When our mental health is deteriorating it can cause us to come to an all-time low

and we may not even notice it. Ramirez believes that it all comes down to how you

are feeling. Being in tune with your thoughts and how your body is feeling is an

important part of recognizing when your mental health is deteriorating. Some known

signs that point to your mental health are headaches, heart racing, trouble sleeping,

or you notice yourself isolating. “There’s no specific way to tell because we are all

different.” Learning to check in with yourself will let you know what’s going on and

from there we can start taking those next steps to get our mental health back on

track. What are the next steps? For Ramirez, some beneficial coping skills would be

‘’to practice’’ being mindful and understanding what you can and can’t control, the

grounding method with your five senses, and learning how to breathe. It helps us ‘’sit

with ourselves and learn how to breathe and calm down our anger and anxiety.”

From there we can figure out what causes our mental health from triggering. It will

help us see the picture more clearly.

Everyone struggles with their mental health. For some, it is more difficult than most. We all have highs and lows but we have become more aware of the importance of our

mental health for our generation and future generations. More parents are paying attention to how school and the home environment can play a part in affecting our mental health.

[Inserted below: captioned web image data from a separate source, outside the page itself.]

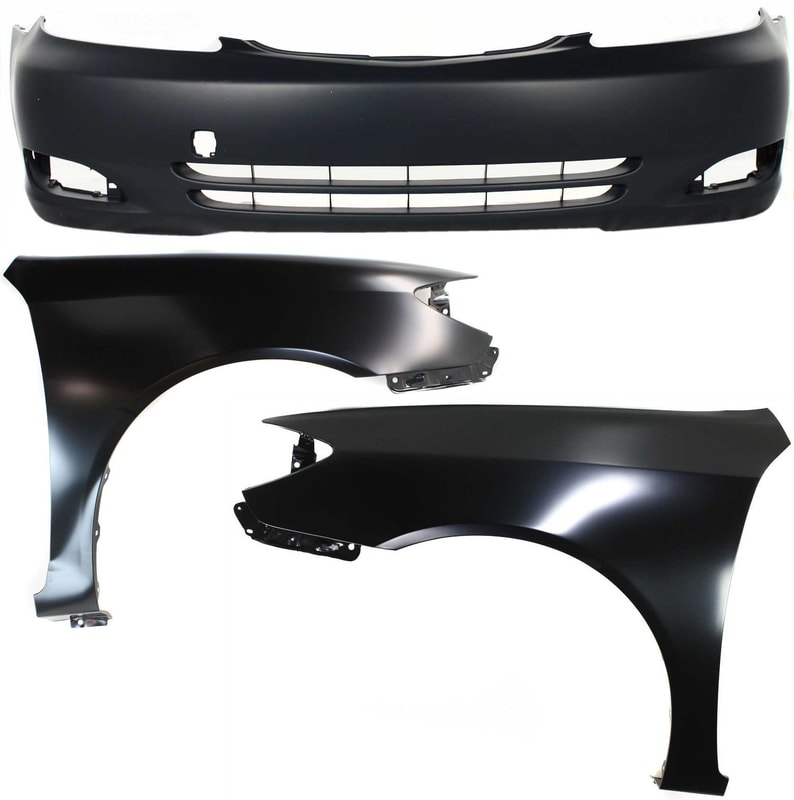 Front Bumper Cover Assembly for 2002-2004 Toyota Camry, 3-Piece Kit with Fenders, Designed for Japan Built Vehicle, Replacement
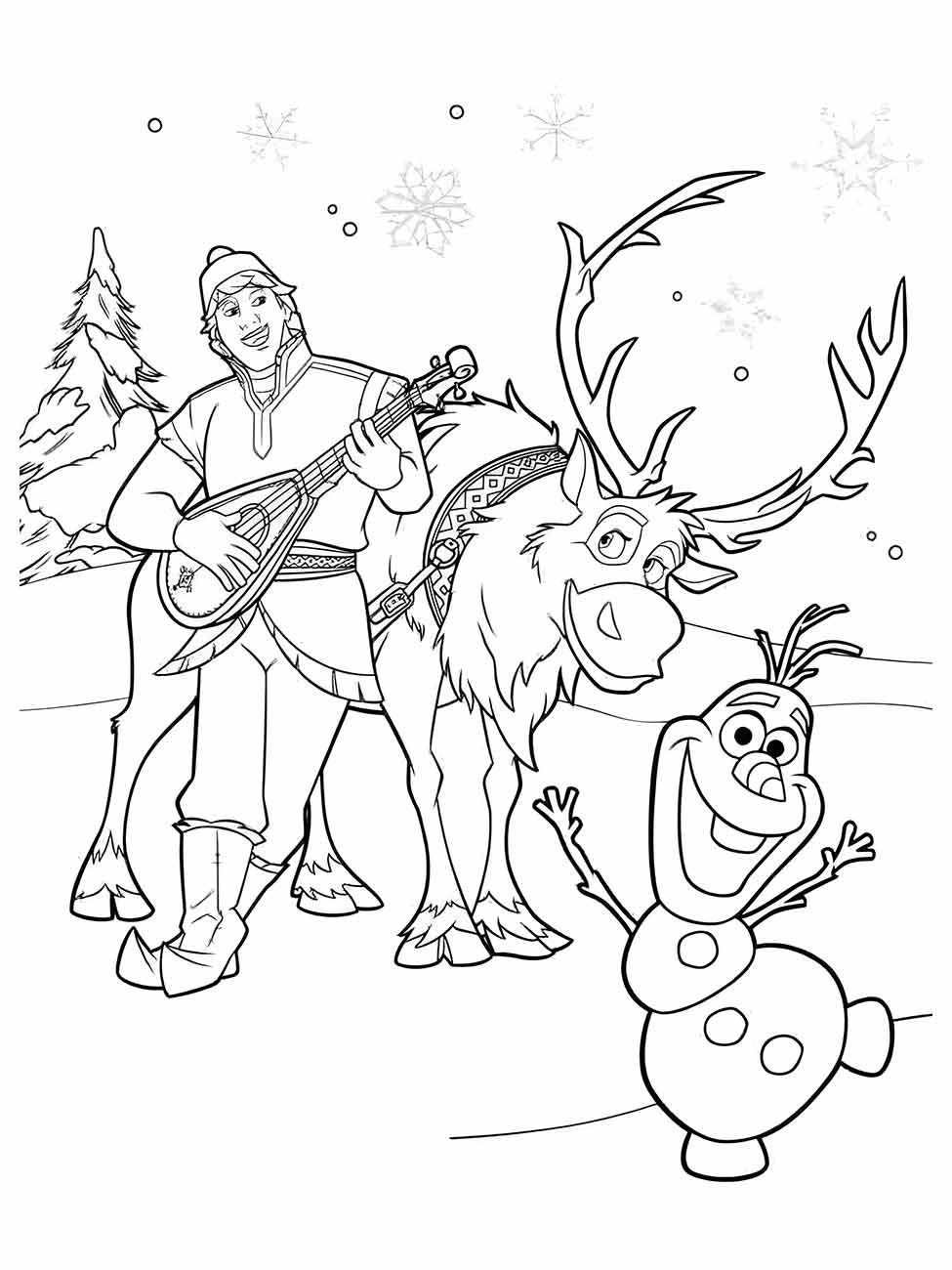 Desenho Kristoff, Sven e Olaf para Colorir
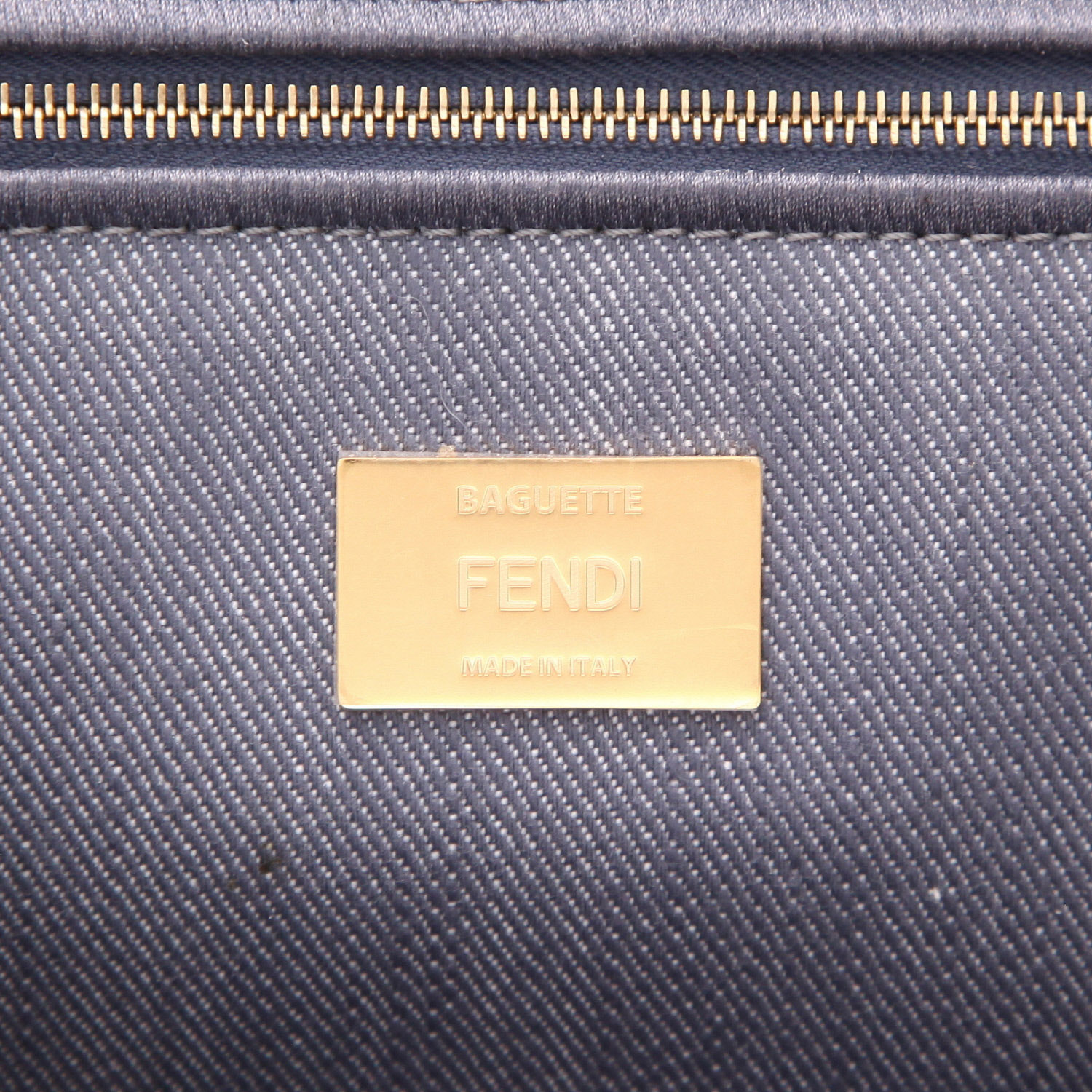 Borsa Fendi Baguette in tela di denim blu - Detail D2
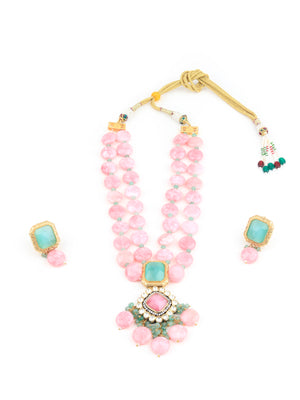 Rajwada Women Pink Marble Beads Long Necklace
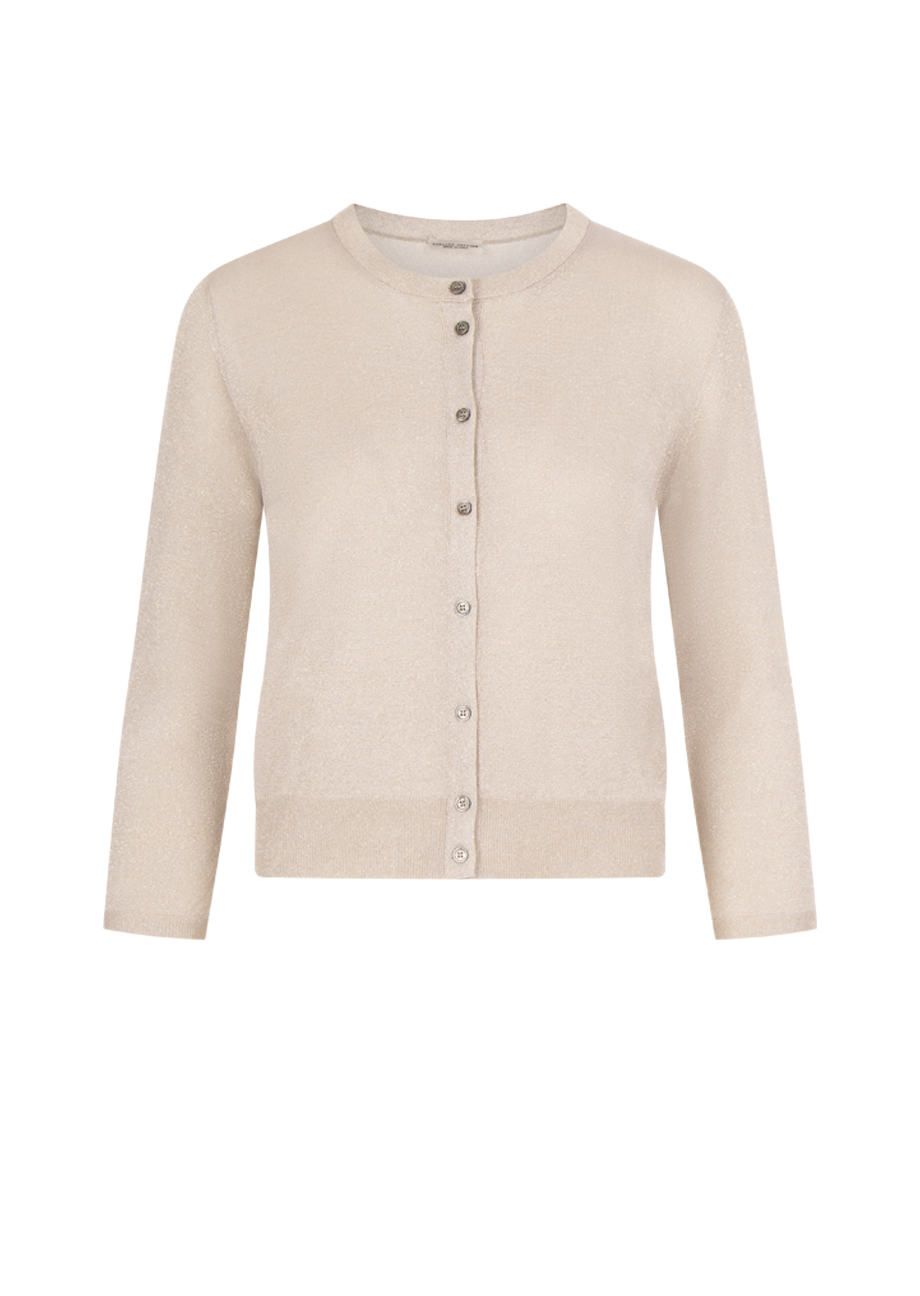 38727_68-1 Strickjacke in Viskose - Offwhite mit Glitzer – Bild 1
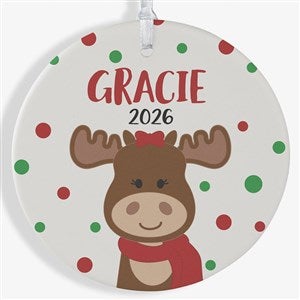 Christmas Moose Personalized Ornament - 1 Sided Matte - 24931-1L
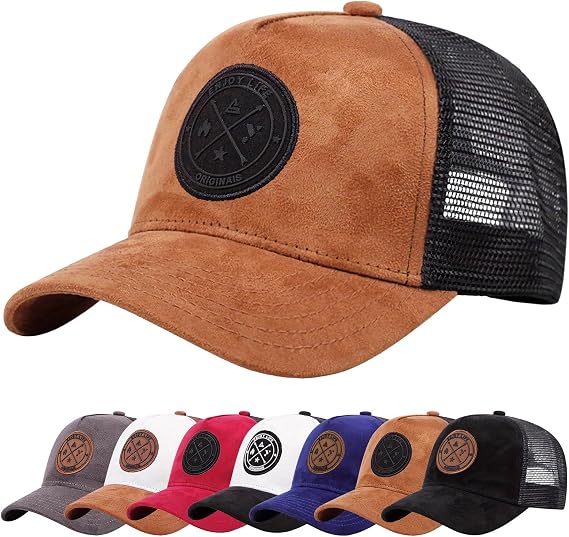 Enwokran Baseball Cap Mens Embroidery Hats Unisex Hip Hop Trucker Caps Adjustable Mesh Back UPF 50+ UV Protection Summer Sun Hat Sports Cap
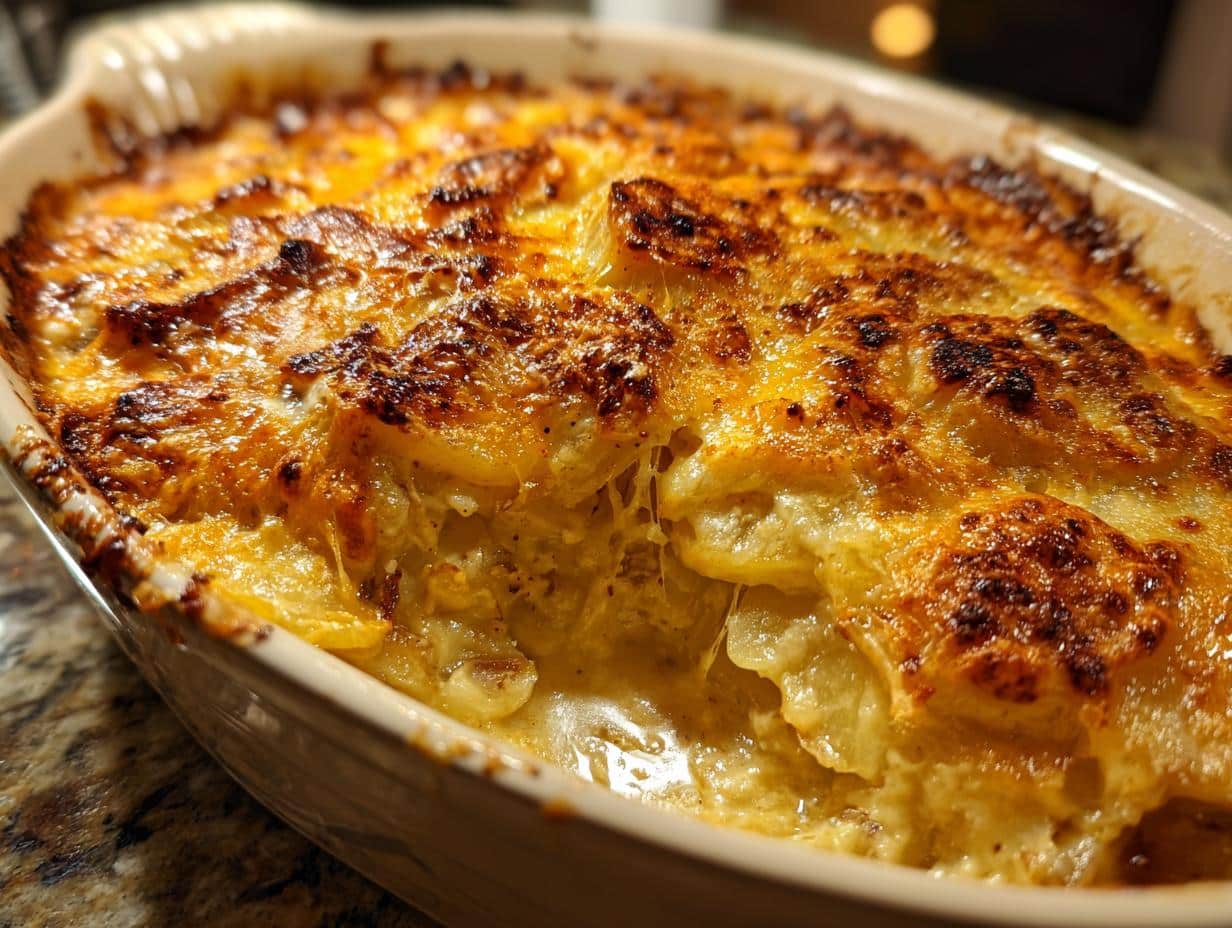 Irresistible Cheesy Potato Casserole Recipe in 4 Simple Steps 4 Cheesy Potato Casserole - detail 1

“I hope that mental awareness will rise and I think it will strive but we need to

continue to add more resources for families and the school system,’’ Ramirez said. More in-class support and more real-life examples of mental issues. More social workers, and school counselors, and adding mental health education into the system will help us continue to move towards improving our mental health needs. We all have a voice and we are not alone. It is ok to ask for help and it's ok to not be ok.